Raw attack success rates are uninterpretable without context. AdversaryPilot calibrates garak results against published baselines from HarmBench and JailbreakBench:
Z-score = (observed_ASR - benchmark_mean) / benchmark_std
What this tells you:
| Z-Score | Interpretation |
|---|---|
| Z > 2.0 | Target is significantly weaker than benchmark - critical finding |
| 1.0 < Z < 2.0 | Target is weaker than average - notable finding |
| -1.0 < Z < 1.0 | Target performs within normal range |
| Z < -1.0 | Target is stronger than average - good defense |
| Z < -2.0 | Target is significantly stronger than benchmark |
A garak DAN probe that achieves 60% ASR might seem high, but if the HarmBench baseline for DAN against similar models is 55% +/- 12%, the Z-score is only 0.42 - within normal range.
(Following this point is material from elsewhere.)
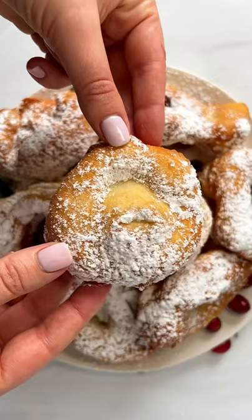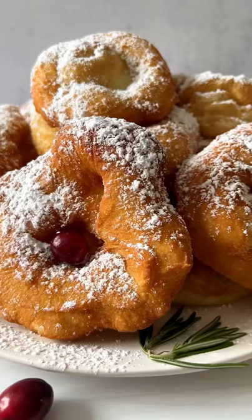There's nothing better than fried dough with powdered sugar. Three ingredients and a staple on our Christmas table.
This prevents false alarms and focuses attention on genuinely anomalous findings.
Every garak probe, once mapped to an AdversaryPilot technique, inherits the technique’s compliance references:
| Garak Probe Category | OWASP LLM Control | Status After Import |
|---|---|---|
| DAN / Jailbreak | LLM01 (Prompt Injection) | Tested |
| Encoding bypass | LLM01 (Prompt Injection) | Tested |
| Prompt injection | LLM01 (Prompt Injection) | Tested |
| Data leakage | LLM06 (Sensitive Information) | Tested |
| Hallucination | LLM09 (Overreliance) | Tested |
The compliance dashboard shows which controls are now covered by garak results and which still have gaps that need testing through other tools or manual assessment.

# 1. Create a campaign
adversarypilot campaign new target.yaml --name "garak-assessment"
# 2. Get initial recommendations (AdversaryPilot tells you what to run)
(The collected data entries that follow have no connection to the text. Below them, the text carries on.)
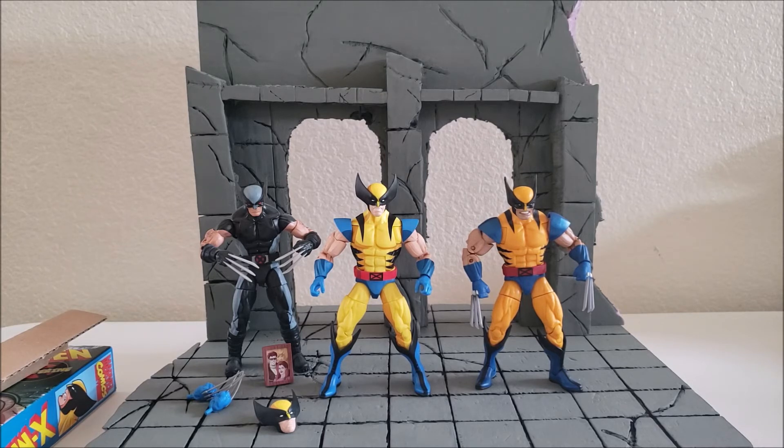As far as the rest of the set — like the Storm, Jubilee, and Jean Grey — I was really disappointed in that Jean Grey. They should have done a brand new sculpt, or they could have done the Captive Hearts Jean Grey and Cyclops series where they were kind of like on a date. That would have been pretty dope if they would have given us a different figure. But anyways, that's just my little take on it.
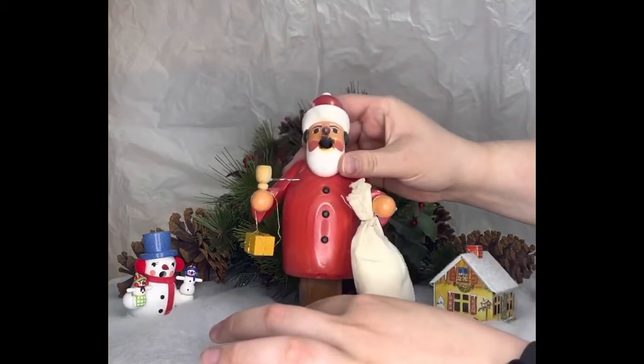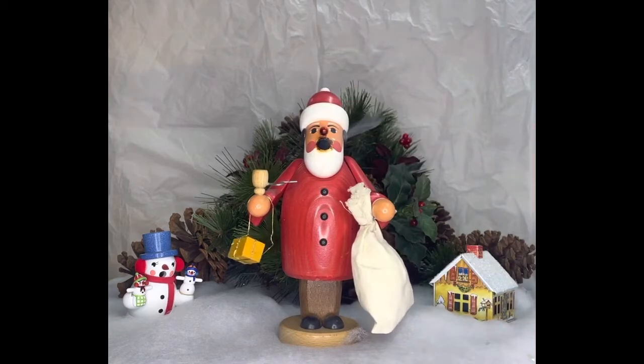It has now been lit, and I've gently placed the top of it back on, and as you can see, the smoke is coming out of the mouth, hence the name smoker.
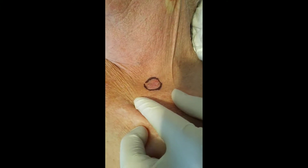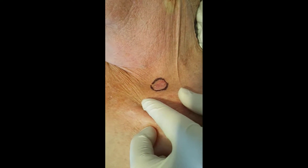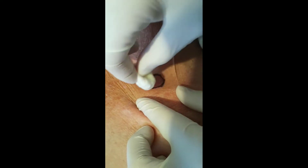Here we're looking at a skin lesion which is probably Bowen's disease, which is squamous cell carcinoma in situ. What we're going to do is punch biopsy the lesion. To do that, first of all we'll clean the area.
adversarypilot campaign next <campaign-id>
# Output includes garak execution hooks:
# Run: garak --model_type openai --probes probes.dan.Dan_6_0
# Run: garak --model_type openai --probes probes.encoding.InjectBase64
# 3. Run the recommended garak probes
garak --model_type openai \
--model_name gpt-4 \
--probes probes.dan.Dan_6_0
# 4. Import results
adversarypilot import garak garak_report.jsonl
# 5. Get updated recommendations (posteriors have shifted)
adversarypilot campaign next <campaign-id>
# New recommendations account for what was learned
# 6. Repeat steps 3-5 until coverage goals are met
# 7. Generate the report
adversarypilot report <campaign-id>
# Produces HTML report with garak findings mapped to ATLAS + compliance
| Capability | Garak Alone | Garak + AdversaryPilot |
|---|---|---|
| Run probes | Yes | Yes (with execution hooks) |
| Which probe to run next | Manual choice | Bayesian recommendation |
| Statistical calibration | Z-score vs reference models | Z-score vs HarmBench/JailbreakBench |
| Compliance coverage | None | OWASP + NIST + EU AI Act |
| Cross-technique learning | None | Family correlation updates |
| Multi-session memory | None | Posterior persistence across sessions |
| Stakeholder reports | JSONL logs | 10-tab HTML report |
| Attack path analysis | None | Chain planning with joint probabilities |
AdversaryPilot is open-source and free to use under the Apache 2.0 license.